A couple weeks ago I was excited to see this acaule had two growths coming up for the first time. What could be more exciting than that? It has a bloom coming on also.


Last year this acauale had 5 leaves... this year it looks like it’s going to have 6. Cyp acaule usually have two leaves but it’s not always the case. Last year I had a couple with three leaves.


----------



## abax (Apr 30, 2021)

Good job! The plants look so healthy.


----------



## KyushuCalanthe (May 1, 2021)

Great growing. I wonder what will come of that multi-leaved one...


----------



## Phred (May 8, 2021)

The petals are a little wacky but he flower is finally open all the way now. 
This is the only one to bloom out of twenty.
As expected the one that bloomed last year did not bloom this year and is probably due to producing a seed pod.


----------



## dodidoki (May 9, 2021)

Great growings!!!


----------



## Tom-DE (May 10, 2021)

Good job, Phred.

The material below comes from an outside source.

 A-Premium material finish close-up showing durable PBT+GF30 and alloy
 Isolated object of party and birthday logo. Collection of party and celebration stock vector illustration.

I have over a hundred of those(wild ones) on my property... they always bloom first two weeks of May.


----------



## NYEric (May 10, 2021)

Nice, I would like to grow them in NYC. What media and pH are you growing them in/at?


----------



## Phred (May 11, 2021)

NYEric said:


> Nice, I would like to grow them in NYC. What media and pH are you growing them in/at?


Hello NYEric
I grow my Cyp. acaule in clay bulb pans in a 50/50 mix of Turface/coconut coir. I water with rain water and 3 oz apple cider vinegar/gallon. I have no idea what the pH is but I do add 1/8 tsp DynaGrow orchid fertilizer/gallon once a month.


----------



## PhragNewbie021 (May 12, 2021)

Thanks for the recipe Phred. I'll give them a try where I live in NJ.


----------



## NYEric (May 12, 2021)

Thanks for the info. The vinegar would make it acidic.


----------